Stanley Hauerwas takes on C. S. Lewis’ defense of just war at the ABC [Australia] Religion & Ethics site:
I must write critically of Lewis because here I want to examine his views concerning violence and war. I am a pacifist. Lewis was anything but a pacifist. I want to show that his arguments against pacifism are inadequate, but I also that he provides imaginative resources for Christians to imagine a very different form of Christian nonviolence, a form unknown to Lewis, with which I hope he might have had some sympathy. . . .
It is certainly true, Lewis acknowledges, that the lesser violence and harm is to be preferred, but that does not mean that killing X or Y is always wrong or can be avoided. Nor can it be shown that war is always a greater evil. Such a view, Lewis argues, seems to imply a materialistic ethic, that is, the view that death and pain are the greatest evils. But surely Christians cannot believe that. Only people parasitic on liberal societies can afford to be pacifists, believing as they do that the miseries of human suffering can be eliminated if we just find the right cures. But Lewis contends it a mistake to think we can eradicate suffering. Rather we must ”work quietly away at limited objectives such as the abolition of the slave trade, or prison reform, or factory acts, or tuberculosis, not by those who think they can achieve universal justice, or health, or peace.”
The standard, effective rejoinder to pacifists (and one I agree with) is that what this ultimately comes down to is a question of eschatology–specifically, where is the ‘New Jerusalem’ to be built, and isn’t it hubristic (not to mention politically foolish) to fully merge anticipation of the world-to-come with things as they are now? Lewis intuits this critique in the passage above, and his answer pretty clearly reflects this attenuated sensibility.
It’s not clear, though, that Hauerwas is comfortable arguing an unvarnished version of the opposite as a foil. He even concedes that “Lewis is quite right . . . to criticize liberal pacifists for underwriting the presumption that death and pain are the greatest evils we encounter” and acknowledges that pure passivity to serious evil has more in common with a hyper-liberalism than it does with the Christian tradition. But he thinks Lewis got mixed up:
Lewis seems to have assumed that pacifism is rightly identified with liberal forms of pacifism, that is, the view that war is so horrible it has got to be wrong. Liberal pacifists often, as Lewis’s critique presupposes, thought war must be some kind of mistake or the result of a conspiracy, because no right thinking human being can believe war to be a “good thing.” Such a view may seem naive but it was a very common position held by many after World War I. Lewis, therefore, had a far too easy target for his critique of pacifism.

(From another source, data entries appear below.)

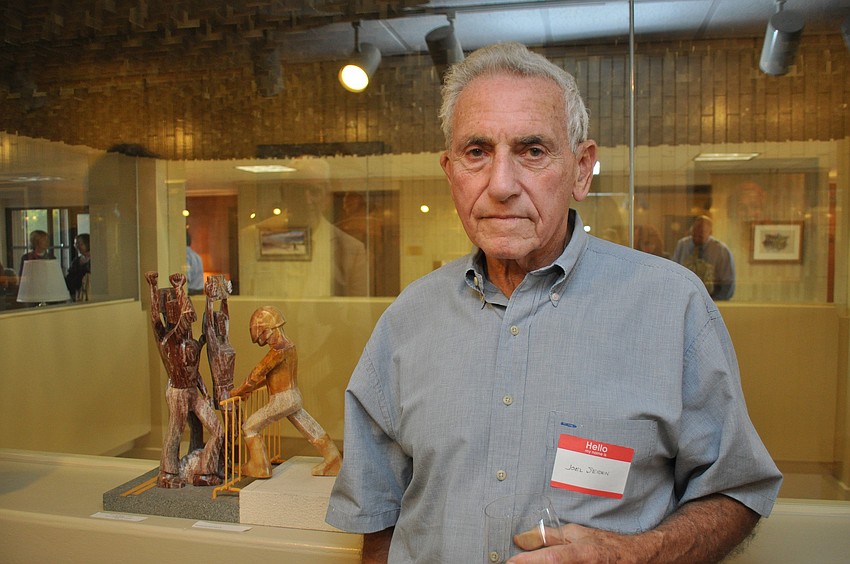 Sculptor Joel Seiden with his work â€œOccupy Wallstreetâ€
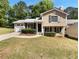 Charming two-story home with manicured lawn, and a driveway leading to a single-car garage at 5537 Panola Pl, Lithonia, GA 30058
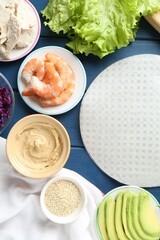 Rice paper sheets and different ingredients on blue wooden table, flat lay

I appreciate Hauerwas’ willingness to critique his own side, and agree that any Christian analysis of war must be grounded in, well, the words and example of Christ, but confess I have a hard time seeing exactly which argument he’s making. We need a new foundation for our thinking, he says, but does this “illiberal pacifism” (to fabricate a term) imply it’s simply the job of the Christian to apply the brakes human societies’ worst tendencies towards war, working and praying that we don’t initiate gratuitous violence or engage in morally problematic conduct once in combat (of these, most Christian just war theorists will readily admit, there is no shortage). Or is he in fact advancing a radical position (in the sense of addressing and attempting to overturn the radix, the root, of the problem)? The reference to “non-participation” may be a clue to the latter; but even here Hauerwas doesn’t seem to energetically advance it as a moral imperative. But maybe that’s a tactical decision in an essay mainly about Lewis.

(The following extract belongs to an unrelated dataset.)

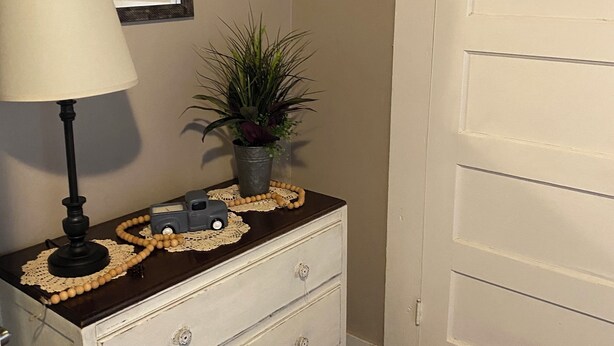 A hallway with a white dresser, a lamp, a potted plant, and a door.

On this feast day of St. Augustine, perhaps it’s worth keeping in mind that even the best earthly kingdom, and even “good” individuals or states, may find themselves at odds in this life, regardless of efforts at moral reformism and violence prevention. The origins of the cities of God and man are both marred by fratricide, and it is possible to be “good but not yet perfect:”

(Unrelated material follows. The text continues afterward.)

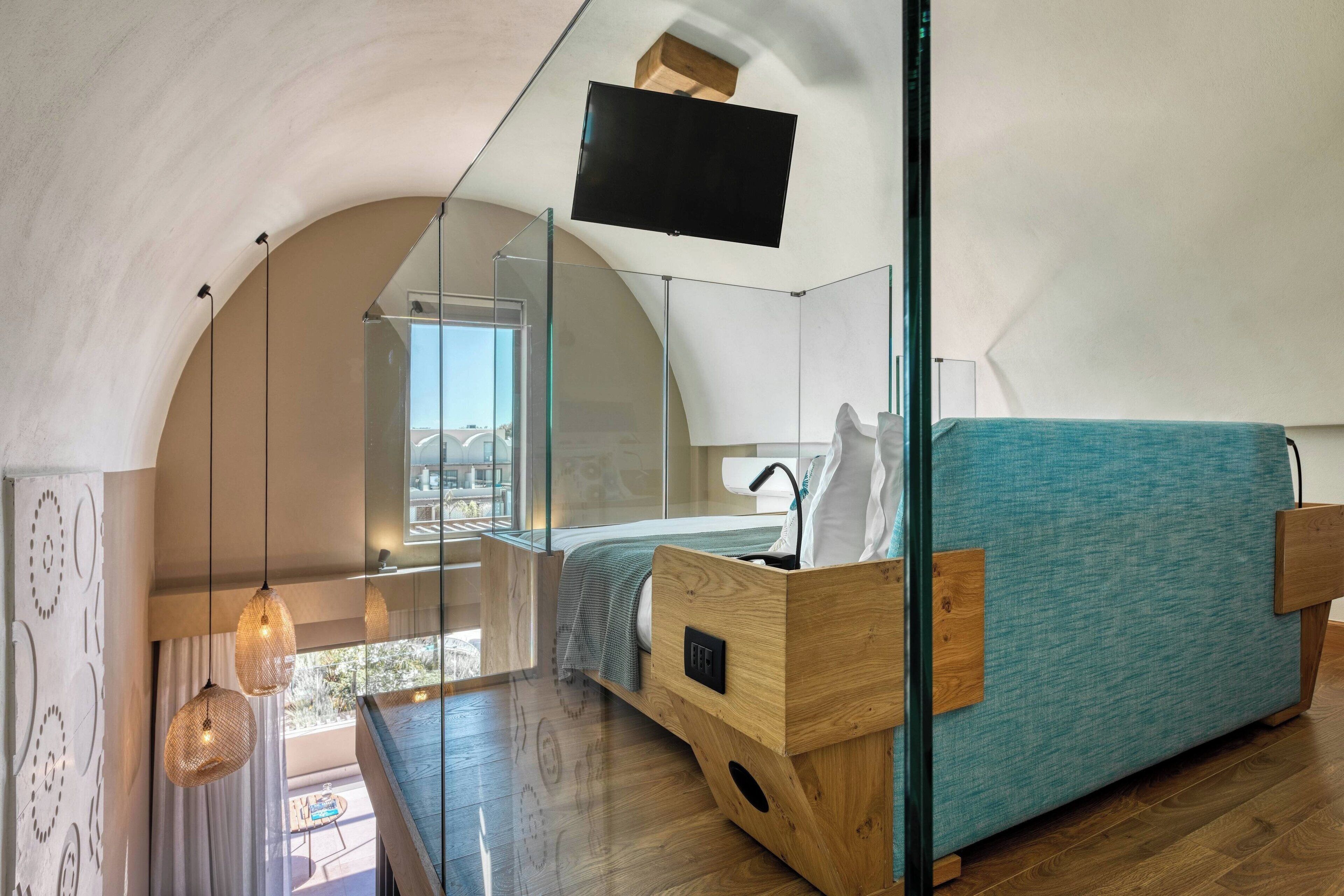 A modern bedroom with a glass partition, wooden furniture, and a mounted TV.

The wicked war with the wicked; the good also war with the wicked. But with the good, good men, or at least perfectly good men, cannot war; though, while only going on towards perfection, they war to this extent, that every good man resists others in those points in which he resists himself. And in each individual “the flesh lusteth against the spirit, and the spirit against the flesh.” This spiritual lusting, therefore, can be at war with the carnal lust of another man; or carnal lust may be at war with the spiritual desires of another, in some such way as good and wicked men are at war; or, still more certainly, the carnal lusts of two men, good but not yet perfect, contend together, just as the wicked contend with the wicked, until the health of those who are under the treatment of grace attains final victory.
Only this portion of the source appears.